ENEPe e mobilização dos estudantes de pedagogia


O ENEPe é o Encontro Nacional dos Estudantes de Pedagogia, que está na sua 39ª edição, sendo construído historicamente de forma "democrático pela base", ou seja, através de votações e assembléias que visam construir uma organização que inclua a todos que participam do evento. O encontro é composto por estudantes de pedagogia e apoiadores (pós-graduandos e trabalhadores da área), com o intuito de fomentar o debate para construir a luta por uma educação a serviço do povo.


Assim como em quase todas as vertentes do movimento estudantil, entre entidades e organizações, ocorreu um aparelhamento da luta. Entre 2004 e 2006 houve um rompimento nacional com a UNE, pois naquele momento havia um projeto dentro do MEC sobre as diretrizes curriculares da pedagogia. Esse projeto desprezava a formação unitária do pedagogo desassociando a pesquisa da docência e da gestão, sendo elaborado assim um viés muito próximo do tecnicismo com uma atuação restrita ao ensino infantil e nos anos iniciais.

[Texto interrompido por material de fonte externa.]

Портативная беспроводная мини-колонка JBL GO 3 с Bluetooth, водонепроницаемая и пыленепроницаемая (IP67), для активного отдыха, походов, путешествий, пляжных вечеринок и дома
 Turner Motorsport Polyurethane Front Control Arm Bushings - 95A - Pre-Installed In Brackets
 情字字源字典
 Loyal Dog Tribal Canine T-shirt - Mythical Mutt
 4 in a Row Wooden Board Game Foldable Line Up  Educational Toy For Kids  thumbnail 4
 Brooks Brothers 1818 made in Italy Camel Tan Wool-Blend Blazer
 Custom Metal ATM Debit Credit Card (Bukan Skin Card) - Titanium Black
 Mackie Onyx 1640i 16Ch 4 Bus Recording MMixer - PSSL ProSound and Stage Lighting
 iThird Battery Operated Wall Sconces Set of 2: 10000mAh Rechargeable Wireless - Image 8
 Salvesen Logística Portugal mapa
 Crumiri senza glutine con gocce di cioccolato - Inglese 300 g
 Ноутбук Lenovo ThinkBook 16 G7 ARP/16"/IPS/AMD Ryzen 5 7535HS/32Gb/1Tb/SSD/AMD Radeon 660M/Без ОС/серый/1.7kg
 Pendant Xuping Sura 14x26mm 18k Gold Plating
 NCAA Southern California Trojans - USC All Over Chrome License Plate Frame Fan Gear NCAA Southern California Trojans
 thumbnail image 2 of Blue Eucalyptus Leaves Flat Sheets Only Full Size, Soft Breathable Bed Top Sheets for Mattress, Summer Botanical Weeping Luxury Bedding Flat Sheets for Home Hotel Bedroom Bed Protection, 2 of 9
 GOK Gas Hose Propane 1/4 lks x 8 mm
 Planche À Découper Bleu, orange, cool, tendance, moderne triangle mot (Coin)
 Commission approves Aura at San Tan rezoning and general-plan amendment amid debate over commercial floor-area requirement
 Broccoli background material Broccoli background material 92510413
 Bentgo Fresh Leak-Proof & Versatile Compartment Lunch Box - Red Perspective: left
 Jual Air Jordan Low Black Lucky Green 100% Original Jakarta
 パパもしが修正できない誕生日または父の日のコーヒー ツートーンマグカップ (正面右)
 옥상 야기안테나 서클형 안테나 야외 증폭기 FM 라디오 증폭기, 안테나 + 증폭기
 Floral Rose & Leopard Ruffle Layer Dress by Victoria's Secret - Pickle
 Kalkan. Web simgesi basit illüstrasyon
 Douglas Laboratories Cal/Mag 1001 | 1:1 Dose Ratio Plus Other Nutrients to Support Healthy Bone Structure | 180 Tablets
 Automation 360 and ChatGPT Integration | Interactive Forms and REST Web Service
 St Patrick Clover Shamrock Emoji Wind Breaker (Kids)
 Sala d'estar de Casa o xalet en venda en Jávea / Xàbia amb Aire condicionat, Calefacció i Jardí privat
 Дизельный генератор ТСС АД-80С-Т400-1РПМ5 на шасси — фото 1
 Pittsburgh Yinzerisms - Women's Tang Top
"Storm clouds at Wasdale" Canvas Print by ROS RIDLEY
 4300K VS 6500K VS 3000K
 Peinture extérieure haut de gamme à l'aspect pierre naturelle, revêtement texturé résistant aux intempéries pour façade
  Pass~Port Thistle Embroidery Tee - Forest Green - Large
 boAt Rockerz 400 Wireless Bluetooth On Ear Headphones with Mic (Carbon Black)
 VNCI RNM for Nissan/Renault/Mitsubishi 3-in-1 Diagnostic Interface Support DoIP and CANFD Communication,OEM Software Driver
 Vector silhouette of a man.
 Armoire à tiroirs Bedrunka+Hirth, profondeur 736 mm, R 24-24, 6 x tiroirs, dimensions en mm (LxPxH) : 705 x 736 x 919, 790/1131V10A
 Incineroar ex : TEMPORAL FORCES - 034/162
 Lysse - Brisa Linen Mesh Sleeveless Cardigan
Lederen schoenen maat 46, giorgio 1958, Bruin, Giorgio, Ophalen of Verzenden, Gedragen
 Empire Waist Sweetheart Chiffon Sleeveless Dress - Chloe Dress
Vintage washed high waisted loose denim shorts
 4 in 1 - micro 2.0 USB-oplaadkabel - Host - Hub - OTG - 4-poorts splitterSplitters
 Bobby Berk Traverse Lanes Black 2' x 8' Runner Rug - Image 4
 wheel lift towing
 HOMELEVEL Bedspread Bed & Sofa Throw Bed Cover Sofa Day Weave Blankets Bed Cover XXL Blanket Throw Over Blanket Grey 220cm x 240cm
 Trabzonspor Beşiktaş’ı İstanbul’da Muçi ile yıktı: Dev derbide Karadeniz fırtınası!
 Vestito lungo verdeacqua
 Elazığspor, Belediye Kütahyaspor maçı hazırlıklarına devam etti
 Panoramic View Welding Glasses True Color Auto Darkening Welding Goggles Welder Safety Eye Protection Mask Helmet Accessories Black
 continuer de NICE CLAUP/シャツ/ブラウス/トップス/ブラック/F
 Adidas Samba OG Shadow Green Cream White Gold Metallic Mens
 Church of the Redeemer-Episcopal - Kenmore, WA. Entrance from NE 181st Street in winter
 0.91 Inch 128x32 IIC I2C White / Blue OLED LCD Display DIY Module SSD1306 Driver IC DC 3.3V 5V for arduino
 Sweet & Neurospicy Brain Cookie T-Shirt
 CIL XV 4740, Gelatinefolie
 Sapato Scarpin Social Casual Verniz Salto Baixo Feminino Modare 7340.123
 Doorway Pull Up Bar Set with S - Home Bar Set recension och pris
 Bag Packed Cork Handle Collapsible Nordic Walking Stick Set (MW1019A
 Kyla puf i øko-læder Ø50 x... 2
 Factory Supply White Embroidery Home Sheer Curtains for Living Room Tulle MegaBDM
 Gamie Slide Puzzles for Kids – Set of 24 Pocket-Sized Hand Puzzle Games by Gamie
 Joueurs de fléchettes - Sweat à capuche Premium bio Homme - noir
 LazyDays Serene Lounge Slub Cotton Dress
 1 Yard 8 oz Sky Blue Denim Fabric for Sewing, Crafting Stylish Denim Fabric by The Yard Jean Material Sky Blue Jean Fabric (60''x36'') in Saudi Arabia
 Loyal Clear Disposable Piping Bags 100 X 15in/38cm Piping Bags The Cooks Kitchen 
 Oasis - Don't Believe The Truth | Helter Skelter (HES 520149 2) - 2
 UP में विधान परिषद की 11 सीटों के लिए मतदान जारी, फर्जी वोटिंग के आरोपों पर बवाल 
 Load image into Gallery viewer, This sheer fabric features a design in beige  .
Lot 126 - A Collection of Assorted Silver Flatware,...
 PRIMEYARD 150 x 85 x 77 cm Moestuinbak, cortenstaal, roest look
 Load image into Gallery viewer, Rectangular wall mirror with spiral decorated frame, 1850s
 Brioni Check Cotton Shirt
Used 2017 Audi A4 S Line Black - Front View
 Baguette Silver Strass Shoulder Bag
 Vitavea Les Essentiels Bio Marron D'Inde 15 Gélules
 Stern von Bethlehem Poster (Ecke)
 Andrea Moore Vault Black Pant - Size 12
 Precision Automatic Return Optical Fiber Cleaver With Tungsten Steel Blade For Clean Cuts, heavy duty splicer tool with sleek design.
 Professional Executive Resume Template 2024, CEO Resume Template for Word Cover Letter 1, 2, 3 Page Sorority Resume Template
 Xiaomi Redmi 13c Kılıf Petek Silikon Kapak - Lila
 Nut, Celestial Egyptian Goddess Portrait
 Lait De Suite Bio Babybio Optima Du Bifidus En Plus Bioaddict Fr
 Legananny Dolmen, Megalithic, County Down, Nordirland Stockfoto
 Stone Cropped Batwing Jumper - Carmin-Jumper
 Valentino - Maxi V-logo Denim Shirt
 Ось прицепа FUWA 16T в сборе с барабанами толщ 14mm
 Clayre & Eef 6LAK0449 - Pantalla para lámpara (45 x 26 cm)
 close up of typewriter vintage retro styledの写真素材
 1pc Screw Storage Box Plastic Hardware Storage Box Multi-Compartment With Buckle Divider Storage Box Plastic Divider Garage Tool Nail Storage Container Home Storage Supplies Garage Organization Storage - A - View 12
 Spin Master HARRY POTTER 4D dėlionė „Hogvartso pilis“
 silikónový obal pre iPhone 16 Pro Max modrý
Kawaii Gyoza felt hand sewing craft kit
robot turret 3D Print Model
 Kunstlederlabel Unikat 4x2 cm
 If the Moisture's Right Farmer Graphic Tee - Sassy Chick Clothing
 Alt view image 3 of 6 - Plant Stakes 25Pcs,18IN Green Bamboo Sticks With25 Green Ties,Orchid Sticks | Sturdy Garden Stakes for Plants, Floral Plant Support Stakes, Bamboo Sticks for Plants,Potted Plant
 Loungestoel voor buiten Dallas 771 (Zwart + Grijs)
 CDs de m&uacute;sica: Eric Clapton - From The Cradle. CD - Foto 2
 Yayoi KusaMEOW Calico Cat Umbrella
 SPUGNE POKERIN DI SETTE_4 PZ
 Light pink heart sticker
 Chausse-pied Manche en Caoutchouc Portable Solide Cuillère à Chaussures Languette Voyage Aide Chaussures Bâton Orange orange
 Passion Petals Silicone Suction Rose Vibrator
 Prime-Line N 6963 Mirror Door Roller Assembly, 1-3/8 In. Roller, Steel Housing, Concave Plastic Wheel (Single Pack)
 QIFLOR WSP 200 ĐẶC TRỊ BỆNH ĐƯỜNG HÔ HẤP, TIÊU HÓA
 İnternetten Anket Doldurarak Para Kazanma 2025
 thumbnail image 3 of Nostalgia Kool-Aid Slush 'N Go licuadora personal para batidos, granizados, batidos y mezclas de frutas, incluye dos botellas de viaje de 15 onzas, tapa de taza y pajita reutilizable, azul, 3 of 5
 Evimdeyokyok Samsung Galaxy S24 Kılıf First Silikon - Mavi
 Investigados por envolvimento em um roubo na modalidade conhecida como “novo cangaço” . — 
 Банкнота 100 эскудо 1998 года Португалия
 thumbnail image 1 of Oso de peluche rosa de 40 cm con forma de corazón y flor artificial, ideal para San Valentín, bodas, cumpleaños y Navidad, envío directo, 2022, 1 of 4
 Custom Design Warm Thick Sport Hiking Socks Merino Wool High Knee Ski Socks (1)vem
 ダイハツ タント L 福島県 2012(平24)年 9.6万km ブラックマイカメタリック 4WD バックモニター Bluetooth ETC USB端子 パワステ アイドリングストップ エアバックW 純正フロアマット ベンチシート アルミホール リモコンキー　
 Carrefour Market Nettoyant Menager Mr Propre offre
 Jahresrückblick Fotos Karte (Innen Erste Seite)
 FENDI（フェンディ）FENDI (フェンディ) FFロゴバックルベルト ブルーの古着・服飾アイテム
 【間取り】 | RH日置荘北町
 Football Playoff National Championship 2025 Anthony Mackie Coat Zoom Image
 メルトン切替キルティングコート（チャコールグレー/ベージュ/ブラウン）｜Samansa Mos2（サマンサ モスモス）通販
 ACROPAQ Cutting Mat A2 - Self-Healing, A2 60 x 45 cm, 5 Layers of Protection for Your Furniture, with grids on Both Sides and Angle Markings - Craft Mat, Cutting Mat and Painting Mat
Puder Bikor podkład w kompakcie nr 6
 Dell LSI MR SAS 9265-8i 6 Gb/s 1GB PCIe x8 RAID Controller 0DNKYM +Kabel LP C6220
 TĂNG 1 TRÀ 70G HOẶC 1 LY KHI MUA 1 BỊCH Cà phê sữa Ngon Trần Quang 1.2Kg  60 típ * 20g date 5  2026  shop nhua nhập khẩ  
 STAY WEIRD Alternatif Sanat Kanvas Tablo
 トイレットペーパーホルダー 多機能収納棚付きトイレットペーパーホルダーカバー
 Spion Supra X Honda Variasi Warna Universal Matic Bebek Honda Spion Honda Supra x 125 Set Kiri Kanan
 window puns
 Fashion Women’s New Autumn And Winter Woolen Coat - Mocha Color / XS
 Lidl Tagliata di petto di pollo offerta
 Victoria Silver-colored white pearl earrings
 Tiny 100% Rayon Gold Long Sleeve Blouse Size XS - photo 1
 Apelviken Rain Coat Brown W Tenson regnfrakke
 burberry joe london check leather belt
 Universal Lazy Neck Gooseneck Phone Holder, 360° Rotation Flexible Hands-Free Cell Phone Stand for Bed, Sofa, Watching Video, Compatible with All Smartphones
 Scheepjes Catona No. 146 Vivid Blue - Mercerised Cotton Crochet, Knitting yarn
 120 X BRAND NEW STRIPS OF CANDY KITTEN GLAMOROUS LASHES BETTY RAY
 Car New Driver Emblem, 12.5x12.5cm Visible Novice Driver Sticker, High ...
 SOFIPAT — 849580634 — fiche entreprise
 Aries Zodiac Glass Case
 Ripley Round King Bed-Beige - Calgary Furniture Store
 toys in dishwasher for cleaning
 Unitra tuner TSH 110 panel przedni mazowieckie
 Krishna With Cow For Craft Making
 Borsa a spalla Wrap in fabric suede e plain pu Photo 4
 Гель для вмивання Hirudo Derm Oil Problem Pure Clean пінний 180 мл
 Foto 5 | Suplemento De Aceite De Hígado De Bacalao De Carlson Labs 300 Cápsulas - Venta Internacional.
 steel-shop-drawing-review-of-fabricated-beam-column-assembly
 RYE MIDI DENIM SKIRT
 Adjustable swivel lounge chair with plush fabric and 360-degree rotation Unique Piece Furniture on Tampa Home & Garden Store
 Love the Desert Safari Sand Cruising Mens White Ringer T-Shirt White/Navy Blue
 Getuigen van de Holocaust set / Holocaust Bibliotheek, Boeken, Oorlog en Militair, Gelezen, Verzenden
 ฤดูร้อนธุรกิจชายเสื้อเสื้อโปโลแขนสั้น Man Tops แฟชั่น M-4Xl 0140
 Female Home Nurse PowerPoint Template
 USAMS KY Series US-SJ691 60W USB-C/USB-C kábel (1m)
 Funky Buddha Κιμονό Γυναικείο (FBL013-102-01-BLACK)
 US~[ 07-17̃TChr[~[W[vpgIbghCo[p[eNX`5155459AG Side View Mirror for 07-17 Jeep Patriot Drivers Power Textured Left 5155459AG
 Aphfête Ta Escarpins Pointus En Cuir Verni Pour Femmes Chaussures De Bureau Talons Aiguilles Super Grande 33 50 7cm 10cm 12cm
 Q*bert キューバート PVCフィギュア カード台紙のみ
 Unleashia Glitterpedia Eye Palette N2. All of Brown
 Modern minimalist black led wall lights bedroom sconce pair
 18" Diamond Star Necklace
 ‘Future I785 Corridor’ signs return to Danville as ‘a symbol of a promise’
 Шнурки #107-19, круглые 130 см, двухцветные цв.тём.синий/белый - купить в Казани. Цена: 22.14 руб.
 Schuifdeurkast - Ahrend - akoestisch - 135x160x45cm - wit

Nesse contexto, a União Nacional dos Estudantes (UNE) estava articulando com o ministro na época, Fernando Haddad, para realizar os interesses daquele governo. Essa relação da UNE com o ministro acarretou em uma desmobilização dos estudantes contra o projeto que o MEC queria implementar.


Graças a isso, aquele era o momento propício para que o movimento estudantil de pedagogia começasse a pensar a sua organização de uma maneira distante da UNE, ou seja, de uma forma não eleitoreira nem oportunista. Em seguida esse mesmo agrupamento se aproximou das organizações combativas como a RECC (Rede Estudantil Classista e Combativa) e o MEPR (Movimento Estudantil Popular Revolucionário).


Foto: Júlia Lee


Em 2018, o ENEPe (Encontro Nacional dos Estudantes de Pedagogia) sofreu com novos rompimentos e, de acordo com a militante e estudante de pedagogia Alice (nome fictício pois a fonte teme pela exposição política), houve um rompimento com o MEPR, pois ocorreu um gradual nível de "desrespeito e centralização" para com os estudantes de outras entidades e organizações.


"Chegou um momento em que o MEPR não foi capaz de aceitar a perda da sede da plenária final de Petrolina por mais de 150 votos e assim agiram de forma golpista para construir outros encontros que atendessem seus interesses. A falta de respeito era de tal tamanho, tendo um autoritarismo forte que eram características frequentes no momento. As disputas sadias e as boas relações existiam até o congresso de 2015, até então havia diálogo entre todas as organizações ali presentes", relata Alice, militante e estudante de pedagogia.


O rompimento do MEPR com o ENEPe se resultou em um encontro paralelo, aclamado como "fake" por militantes da RECC (Rede Estudantil Classista e Combativa). Segundo nota oficial, lançada em maio deste ano no site da UNIFESP - Guarulhos, "o campus sediará, entre os dias 22 e 26 de julho, o 39º Encontro Nacional de Pedagogia (ENEPe)".


O evento "oficial" dos estudantes de pedagogia, divulgado pela organização dos eventos anteriores, acontecerá entre os dias 22 e 26 de julho, em Goiânia.


Luta pela educação


Foto: Júlia Lee


Os conflitos internos que ocorrem dentro dos movimentos estudantis, historicamente, acabam acarretando em um movimento pela educação que é fragmentado, não havendo grandes possibilidades de diálogo.


Com os últimos pronunciamentos do presidente Jair bolsonaro (PSL), no dia 18 de julho, sobre a cobrança de mensalidade nas Universidades Federais, há a eminente necessidade de uma mobilização contra o desmonte da educação pública.


"Esse tipo de conflito gera o afastamento dos estudantes, além do adoecimento e o desgaste, afinal é necessário uma reflexão. Ainda sim, essa conjuntura não permite esmorecer e enfraquecer, já que o movimento estudantil de pedagogia precisa se opor aos desmanches do governo", afirma Alice, estudante de pedagogia.